Osaka put on a strong performance against her idol Williams, earning the first set 6-2. The first set was suspenseful, Osaka sending shoots to different parts of the court. Both players making each other scramble for hits, yet Williams struggled with her serve; the Compton native had six double faults compared to Osaka’s one in the match.
The tides of the match shifted when Williams was cited for her first of three violations. Her coach, Patrick Mouratoglou, was seen giving hand gestures. After that offense, Serena explained to umpire Carlos Ramos that she would rather lose than cheat. Later, Williams broke her racket; this violation costed her a point.
She confronted Ramos about the loss of the point by mentioning how rulings are more lenient on male players. Williams expressed that her character was attacked and wanted an apology; she eventually called Ramos a “thief.” The umpire gave her a verbal abuse violation. The final offense cost Williams a game and a $10,000 fine, the biggest fine in U.S. Open history.
“I’ve seen other men call other umpires several things. I’m here fighting for women’s rights and for women’s equality and for all kinds of stuff,” Williams said. “For me to say ‘thief,’ and for him to take a game, it made me feel like it was a sexist remark. He’s never taken a game from a man because they said ‘thief,”’

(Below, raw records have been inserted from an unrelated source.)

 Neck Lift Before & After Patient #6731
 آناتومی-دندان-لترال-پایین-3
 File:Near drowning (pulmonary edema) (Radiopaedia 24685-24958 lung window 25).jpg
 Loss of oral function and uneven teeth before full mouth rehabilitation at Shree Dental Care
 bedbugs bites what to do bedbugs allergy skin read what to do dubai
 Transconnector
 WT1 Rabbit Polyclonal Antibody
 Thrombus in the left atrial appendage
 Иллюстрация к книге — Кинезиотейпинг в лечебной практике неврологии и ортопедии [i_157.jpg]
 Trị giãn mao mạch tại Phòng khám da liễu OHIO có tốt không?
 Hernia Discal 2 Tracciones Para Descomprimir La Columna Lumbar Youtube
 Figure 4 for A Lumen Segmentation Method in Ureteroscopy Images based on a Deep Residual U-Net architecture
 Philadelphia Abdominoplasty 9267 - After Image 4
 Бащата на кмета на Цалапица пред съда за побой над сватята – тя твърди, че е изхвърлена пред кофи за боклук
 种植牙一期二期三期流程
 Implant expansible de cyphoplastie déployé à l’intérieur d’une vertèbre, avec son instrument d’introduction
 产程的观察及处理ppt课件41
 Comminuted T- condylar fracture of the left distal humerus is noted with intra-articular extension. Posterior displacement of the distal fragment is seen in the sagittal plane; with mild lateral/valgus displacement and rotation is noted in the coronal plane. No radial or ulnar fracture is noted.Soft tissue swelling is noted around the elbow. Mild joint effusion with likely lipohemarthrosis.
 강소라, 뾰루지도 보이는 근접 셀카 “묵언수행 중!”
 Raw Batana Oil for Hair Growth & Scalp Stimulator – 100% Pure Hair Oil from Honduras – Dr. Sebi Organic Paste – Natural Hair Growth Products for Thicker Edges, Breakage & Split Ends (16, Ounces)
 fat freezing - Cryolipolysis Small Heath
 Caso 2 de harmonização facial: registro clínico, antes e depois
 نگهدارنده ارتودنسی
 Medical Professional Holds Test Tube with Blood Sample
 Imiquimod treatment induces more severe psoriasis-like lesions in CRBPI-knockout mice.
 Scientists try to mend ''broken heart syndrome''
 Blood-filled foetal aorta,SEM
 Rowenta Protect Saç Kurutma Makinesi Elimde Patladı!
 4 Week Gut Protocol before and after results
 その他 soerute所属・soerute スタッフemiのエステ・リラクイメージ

Ultimately Osaka won the match 6-2 and 6-4 and Williams was tacked with a total $17,000 to pay in fines for the violations. The historic match shed a light on the double standard that female tennis players face and the mistreatment that has haunted Williams successful career.
Williams banter with the umpire and referees would garner support and backlash. Some people explain how she is enduring the mistreatment that is common for Black women. Others would call it a ‘meltdown,’ and note that she should have handled it better.
Men and women tennis players have supported Williams’ claims, some even admitting to calling an umpire worse than a “thief.”
“I will admit I have said worse and not gotten penalized,” said American tennis player James Blake. “I’ve also been given a “soft warning” by the [umpire] where they tell you knock it off or I will have to give you a violation. He should have at least given her that courtesy. Sad to mar a well-played final that way.”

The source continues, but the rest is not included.